Moving On

“There are far, far better things ahead than any we leave behind.” C. S. Lewis

There is a weariness that grows when packing up a home. It’s not so much the physical labor as it is the tedium of seeing your possessions out of sorts. When you’ve seen your life, your things arranged in one pattern for so many years, your mind can’t immediately comprehend the scattering of packing paper, stacks of boxes and picture less walls where an organized room once existed. It works to set things back into place.

My mind is re-arranging the chaos in our home when Paul shouts “Have you gone through your nightstand yet?” At this point, it is less of a question than a demand. I have put this task off because I know that I will have to make decisions about what stays and what goes while sorting through the remnants of my life, stuffed into a couple of night stand drawers.

Dutifully, I walk up the steps and then pause at the landing. I lean on the door jamb of the girl’s empty room, and flick on the light. It looks so much bigger without the furniture. My mind takes me back to the first time I met Paul’s children. It was a cold starry night with drifts of snow lining the streets. But when I entered the house, it was filled with warm yellow laughter. We went to see a local production of “A Christmas Carol” that night. I pretended to watch three spirits overact on stage while I fell in love with the profile of Paul’s face. A month later I spent New Year’s Eve with Paul and the children. That’s when he fell in love with me. He says it was earlier than that. But I know better, because that was when the nightstand on the right side of the bed became mine.

I walk into the bedroom with a garbage bag in one hand and a box in the other. Slowly I lower myself to the floor. There is a ghost of me lying on the bed with one hand resting on the nightstand arranging the pictures of my own daughters. There is sadness in his expression because in those early days, his mind had trouble re-arranging what was missing in his heart with what was found.

I open the drawer and begin to sort through the contents. There is a stack of cards and notes from Paul. When he would leave for business trips, he would place a note on my pillow. “Goodnight handsome man”, one of them states in his neat handwriting. Another card is illustrated with two ridiculous looking reptiles staring at each other with a heart floating above their heads. Underneath each one our nicknames “Willy” and “Scooter” are written. On the inside of the card, it simply states “Iguana love you forever.” I laugh as I place these in the keep box. And so it goes with a restaurant receipt, a Singapore dollar, a 20 baht bill from Thailand and a travel magazine from Ogunquit, Maine, dated July 2008.
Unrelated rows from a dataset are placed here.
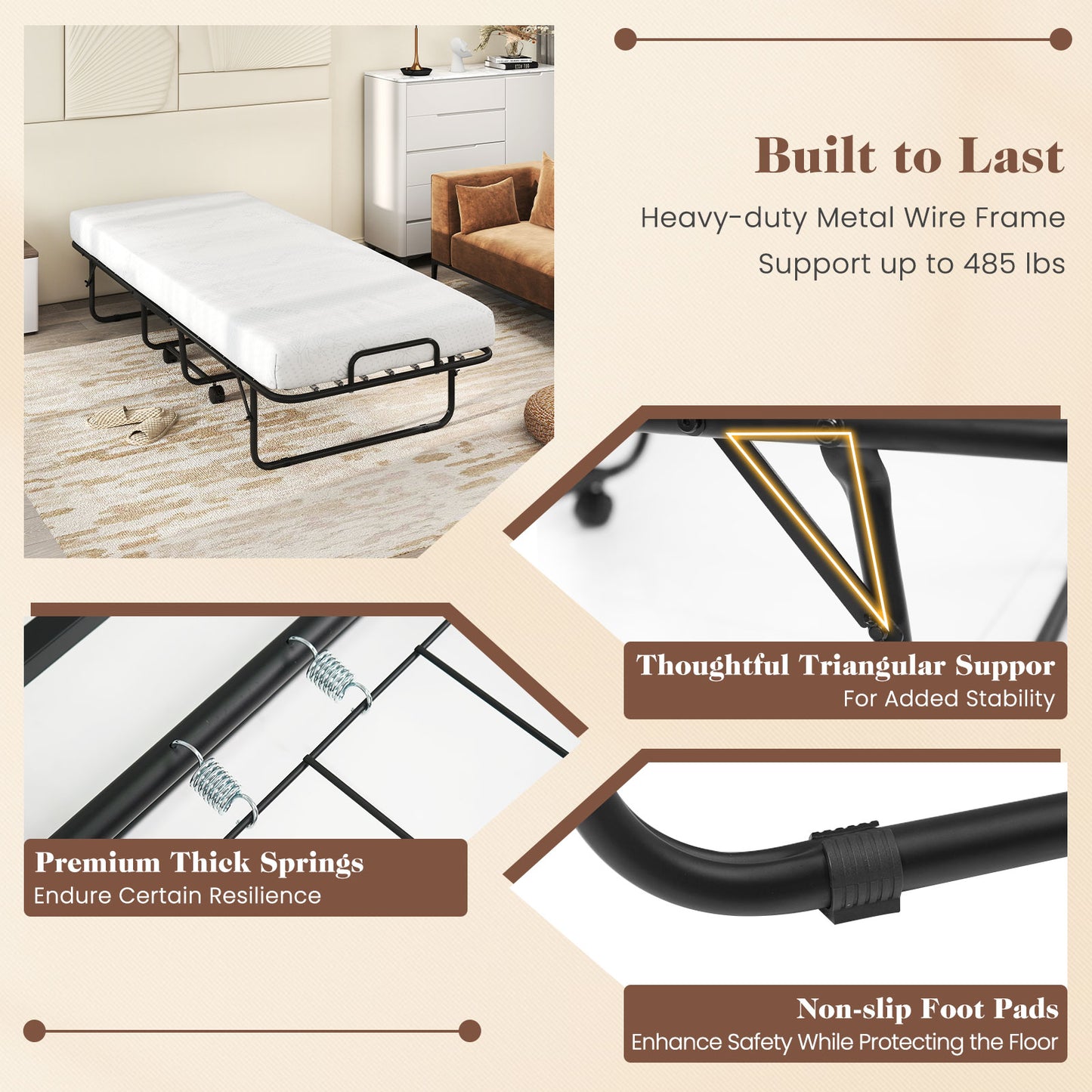 Cot Size Folding Bed Frame, Memory Foam Mattress, Metal Frame Folding Beds at Gallery Canada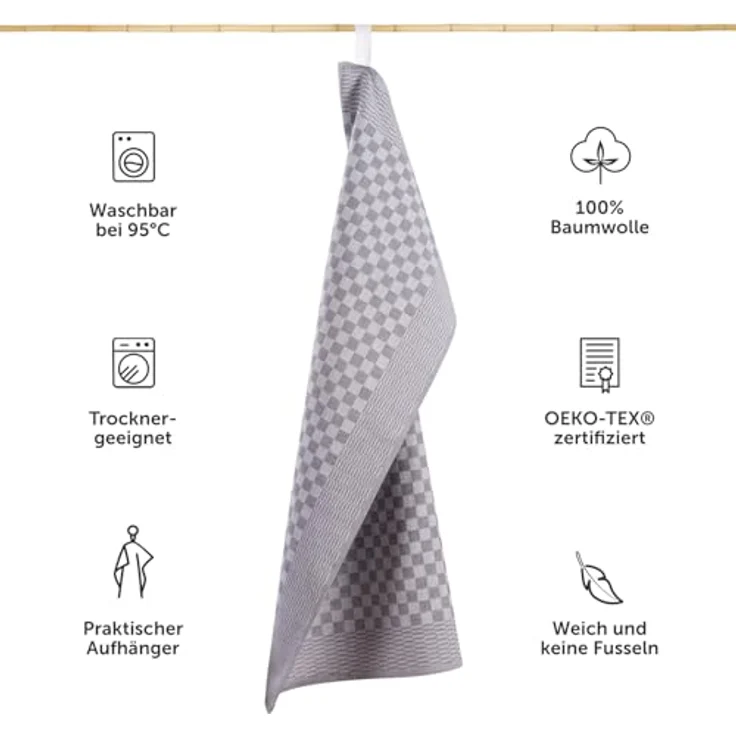 Blumtal Geschirrtuch Premium Geschirrhandtücher in 50 x 70 cm, (Set, 10-tlg, 5, 10 oder 20 Geschirrtücher), 100% Baumwolle, Oeko-TEX® Zertifiziert – Bild 4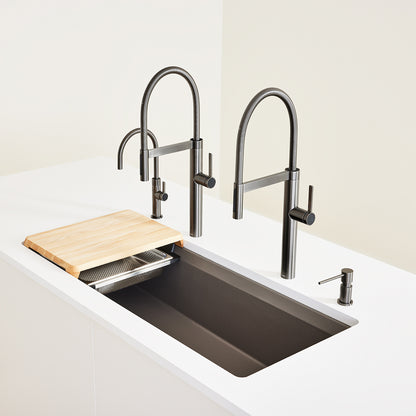 Volcano Gray - BLANCO Inteos SILGRANIT 45" Single Bowl Reversible Undermount Workstation Kitchen Sink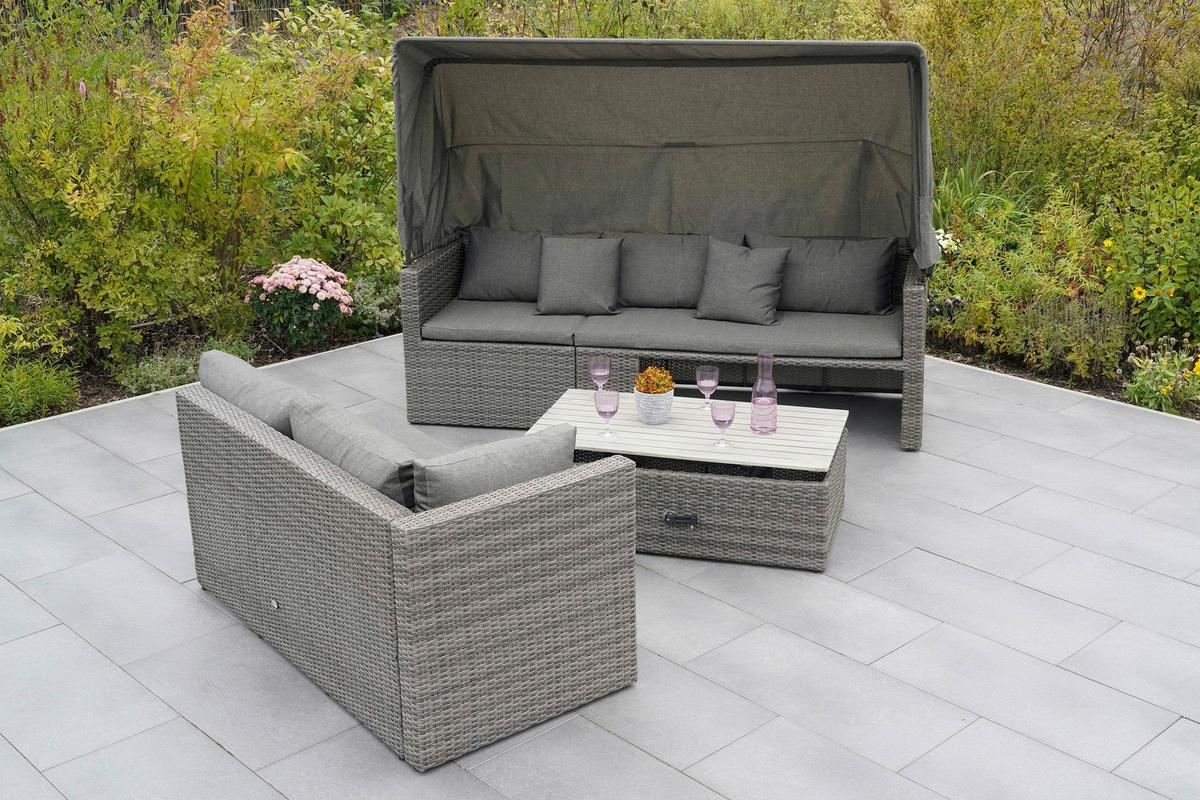 Lounge Garnitura San Marco, Blazine - siva/svetlo siva, Konvencionalno, kovina/umetna masa (250/150/168cm) - Gardenson
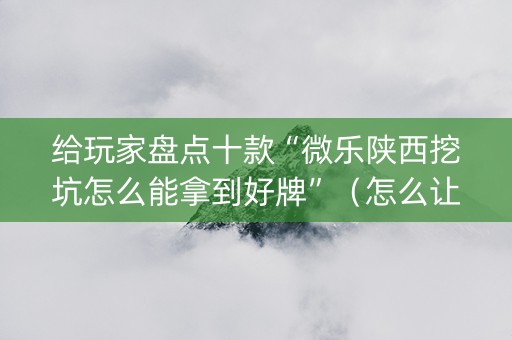 给玩家盘点十款“微乐陕西挖坑怎么能拿到好牌”（怎么让系统给自己好牌)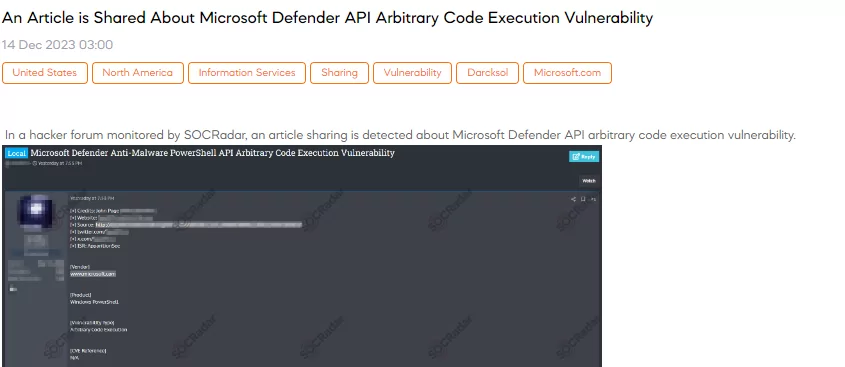 An Article is Shared About Microsoft Defender API Arbitrary Code Execution Vulnerability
Then I find a wedding band; different from the one circling my finger now. In that band a thousand more memories are stored; memories of moves similar to this one, but different in so many ways. When I wore that band, I used to convince myself that each move would finally make me happy. But when all of the furniture was arranged in the new house, it didn’t seem to fit. I place the band on the nightstand and pull out a teddy bear. It was left behind in the old house when my daughters moved back to Virginia. I tried to give it back to Taylor, but she told me to keep it. “I don’t want you to be lonely, it will keep you company at night” she said. I pick up the band, it’s just a piece of gold, but without it, there would be no teddy bear, so I place them both in the keep box.

When I am done, the things I keep fits into the size of a shoe box. I bring the box downstairs and pack it in a larger box. Within hours the house is empty and we walk from room to room as Monique runs through the house giggling, just as she did when Paul first moved in. In the living room two ghost lovers, the new owners, smile at each other full of pride, promise and love. They kiss and make love in front of the fireplace.
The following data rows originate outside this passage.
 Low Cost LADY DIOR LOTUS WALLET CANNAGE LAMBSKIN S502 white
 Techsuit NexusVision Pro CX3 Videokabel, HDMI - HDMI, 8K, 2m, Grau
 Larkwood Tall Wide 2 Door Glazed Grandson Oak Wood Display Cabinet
We walk outside and regard the container filled with what we keep, most of the furniture sold or donated to friends and family. I wonder if the container were to become lost and opened by someone in the future, what would they think about my shoebox of remnants? But more importantly, if this container became lost I think my mind would be at ease; when things are arranged properly in your heart nothing else matters.